** Work required **
Transcribe the records below exactly, from their first line through the line containing "Galería de clics". Omit every line after it.

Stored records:

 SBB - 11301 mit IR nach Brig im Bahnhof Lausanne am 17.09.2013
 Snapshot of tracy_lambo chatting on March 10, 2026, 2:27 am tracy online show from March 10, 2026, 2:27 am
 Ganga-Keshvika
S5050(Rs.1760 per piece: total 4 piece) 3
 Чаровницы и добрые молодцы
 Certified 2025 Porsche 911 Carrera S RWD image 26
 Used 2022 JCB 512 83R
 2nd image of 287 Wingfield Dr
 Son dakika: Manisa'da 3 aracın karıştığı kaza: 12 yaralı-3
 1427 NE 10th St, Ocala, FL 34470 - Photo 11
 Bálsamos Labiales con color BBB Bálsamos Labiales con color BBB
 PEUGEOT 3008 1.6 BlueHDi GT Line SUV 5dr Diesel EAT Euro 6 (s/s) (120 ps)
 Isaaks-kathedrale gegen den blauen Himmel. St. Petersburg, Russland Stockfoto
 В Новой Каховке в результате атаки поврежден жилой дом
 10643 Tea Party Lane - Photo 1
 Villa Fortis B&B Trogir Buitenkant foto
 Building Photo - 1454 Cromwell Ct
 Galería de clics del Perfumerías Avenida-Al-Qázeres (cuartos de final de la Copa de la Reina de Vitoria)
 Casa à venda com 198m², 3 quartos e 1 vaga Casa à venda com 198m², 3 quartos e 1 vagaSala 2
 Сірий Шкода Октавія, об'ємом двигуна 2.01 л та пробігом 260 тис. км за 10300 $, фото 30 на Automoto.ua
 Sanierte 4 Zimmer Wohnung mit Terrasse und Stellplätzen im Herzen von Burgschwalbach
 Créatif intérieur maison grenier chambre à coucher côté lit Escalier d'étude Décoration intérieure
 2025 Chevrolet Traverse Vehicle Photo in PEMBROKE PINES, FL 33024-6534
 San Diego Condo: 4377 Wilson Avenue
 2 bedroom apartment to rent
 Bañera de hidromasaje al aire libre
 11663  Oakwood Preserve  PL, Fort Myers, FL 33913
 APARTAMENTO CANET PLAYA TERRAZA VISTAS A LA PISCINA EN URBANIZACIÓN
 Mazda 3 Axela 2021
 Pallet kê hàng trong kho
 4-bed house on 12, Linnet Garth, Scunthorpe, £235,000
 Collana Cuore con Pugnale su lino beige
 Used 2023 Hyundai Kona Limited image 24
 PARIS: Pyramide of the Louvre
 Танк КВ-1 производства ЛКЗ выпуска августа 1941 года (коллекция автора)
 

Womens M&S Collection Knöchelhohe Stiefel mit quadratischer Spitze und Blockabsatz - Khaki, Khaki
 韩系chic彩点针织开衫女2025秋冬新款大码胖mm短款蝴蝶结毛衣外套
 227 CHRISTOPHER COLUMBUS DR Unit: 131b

** Answer below **
 SBB - 11301 mit IR nach Brig im Bahnhof Lausanne am 17.09.2013
 Snapshot of tracy_lambo chatting on March 10, 2026, 2:27 am tracy online show from March 10, 2026, 2:27 am
 Ganga-Keshvika
S5050(Rs.1760 per piece: total 4 piece) 3
 Чаровницы и добрые молодцы
 Certified 2025 Porsche 911 Carrera S RWD image 26
 Used 2022 JCB 512 83R
 2nd image of 287 Wingfield Dr
 Son dakika: Manisa'da 3 aracın karıştığı kaza: 12 yaralı-3
 1427 NE 10th St, Ocala, FL 34470 - Photo 11
 Bálsamos Labiales con color BBB Bálsamos Labiales con color BBB
 PEUGEOT 3008 1.6 BlueHDi GT Line SUV 5dr Diesel EAT Euro 6 (s/s) (120 ps)
 Isaaks-kathedrale gegen den blauen Himmel. St. Petersburg, Russland Stockfoto
 В Новой Каховке в результате атаки поврежден жилой дом
 10643 Tea Party Lane - Photo 1
 Villa Fortis B&B Trogir Buitenkant foto
 Building Photo - 1454 Cromwell Ct
 Galería de clics del Perfumerías Avenida-Al-Qázeres (cuartos de final de la Copa de la Reina de Vitoria)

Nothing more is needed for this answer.